Con un mediocampista central de sus características, Gallardo podría renunciar al doble cinco y liberar un puesto para la gestión creativa. Kranevitter, como los antiguos volantes tapones, se las puede arreglar para hacer estrecho lo que parece ancho.
Similar racionalidad y mirada estratégica demuestra una vez que toma la pelota. Ese primer pase del equipo –como ahora le dicen– suele ser de claridad científica, promesa de una acción que progresará fluida, si el resto de las piezas se acoplan al movimiento inicial.
Sé que es una moda. Pero, con un mediocampista central de sus características, Gallardo podría renunciar al doble cinco y liberar un puesto para la gestión creativa. Kranevitter, como los antiguos volantes tapones, se las puede arreglar para hacer estrecho lo que parece ancho. Para llegar siempre antes donde parece lejos. O, si el enemigo avanza con pelota dominada, oponer astucia y atlética elegancia, y así vencer en el mano a mano.

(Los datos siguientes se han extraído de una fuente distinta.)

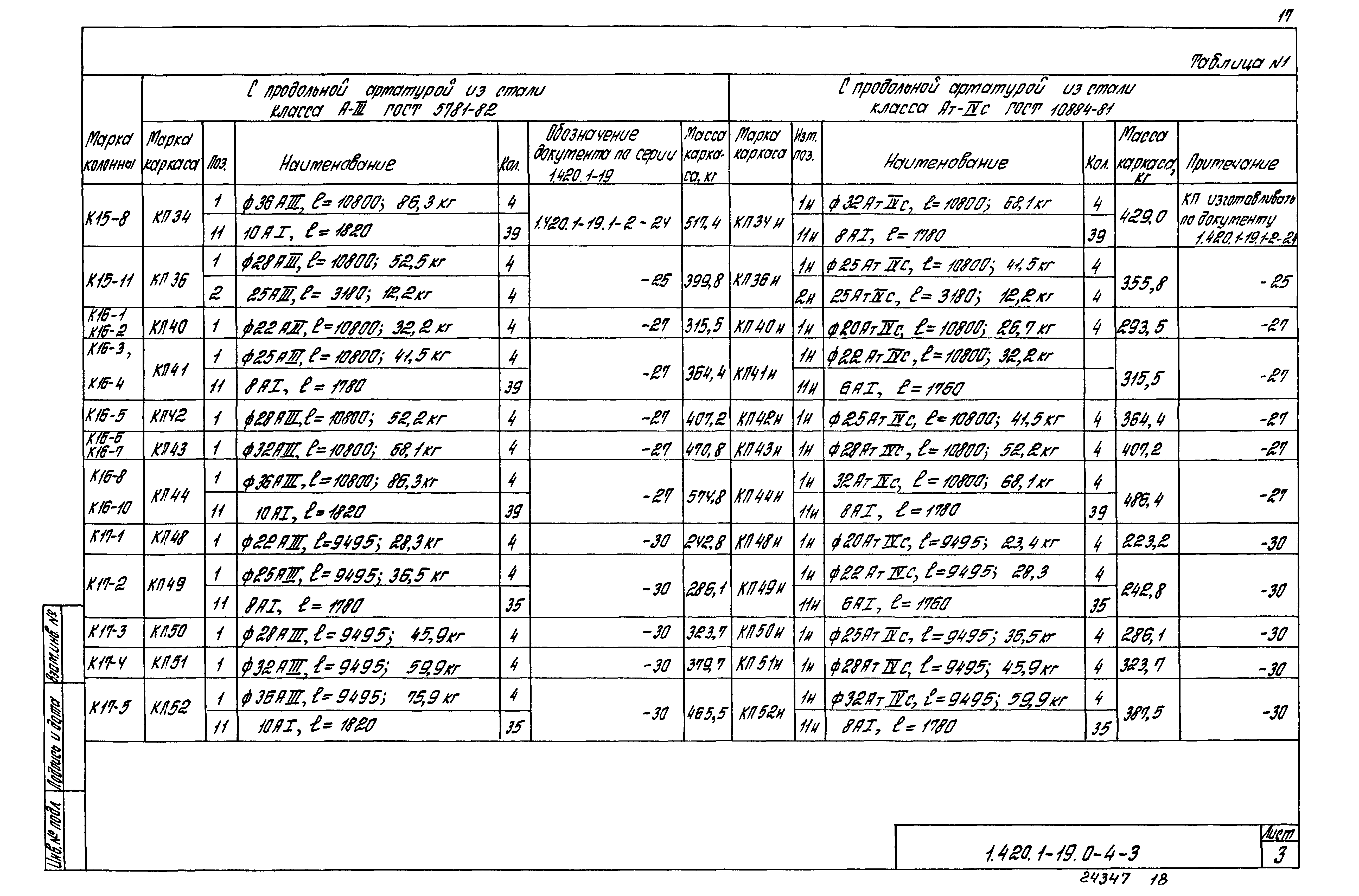 Серия 1.420.1-19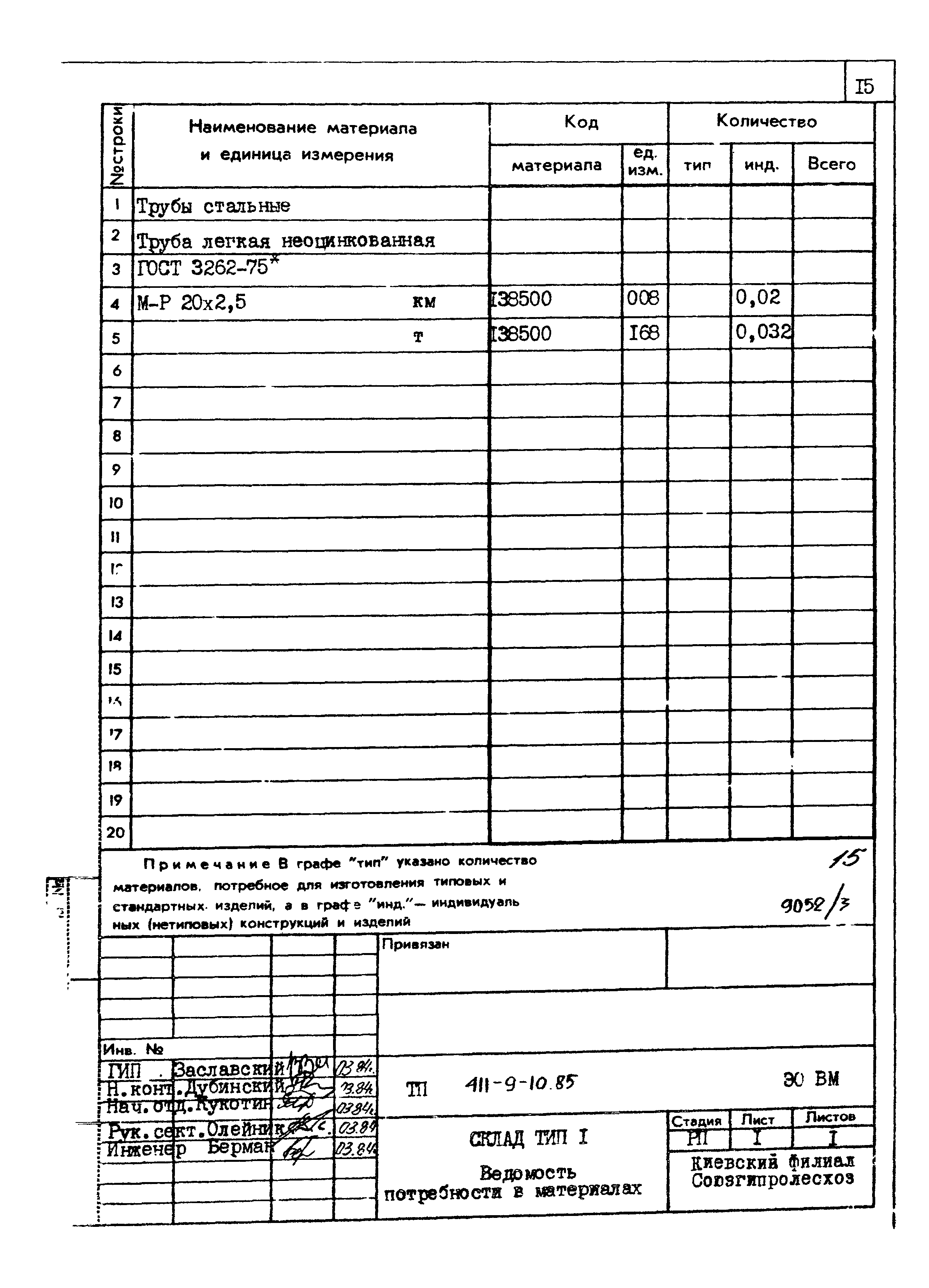 Типовой проект 411-9-10.85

Su perfil bajísimo, su modestia a pruebas de balas, no deben exaltarse como virtudes morales, aunque lo sean. Más vale no entretenerse en la supuesta ejemplaridad de los futbolistas. Lo que ofrece Kranevitter es una abismal ventaja táctica. El trato del tucumano con el equipo es solidariamente asimétrico. Aguanta solito por el beneficio general. Lo da todo, sin reclamar nada. Como un amante devoto.
En las antípodas del jugador de River, se alza Mascherano. Un hombre que frecuenta el mismo puesto, tiene alta exposición y es emblema del sacrificio. Sin embargo, concentró sobre sí mismo la atención colectiva de la Selección durante el último Mundial. Si bien fue decisión del entrenador y no del gran caudillo, el equipo (Messi incluido) se inmoló por Mascherano. El sacrificio, literalmente, lo hicieron los demás. Y el que, según las credenciales, debía entregarlo todo, se quedó con todo. Se invirtió la ecuación. Hasta el día heroico de Chiquito Romero, el reconocimiento mayor fue para Mascherano, que ni siquiera pateó un penal, sólo porque la cámara –qué casualidad– pescó su arenga predictiva.
Por personalidad, porque se debe a los otros (la modestia impone como prioridad prestar servicio), Kranevitter siempre mejorará los equipos que le toque integrar. Me gustaría verlo pronto en la Selección. Nos haría bien –en más de un sentido– su enorme talento silencioso.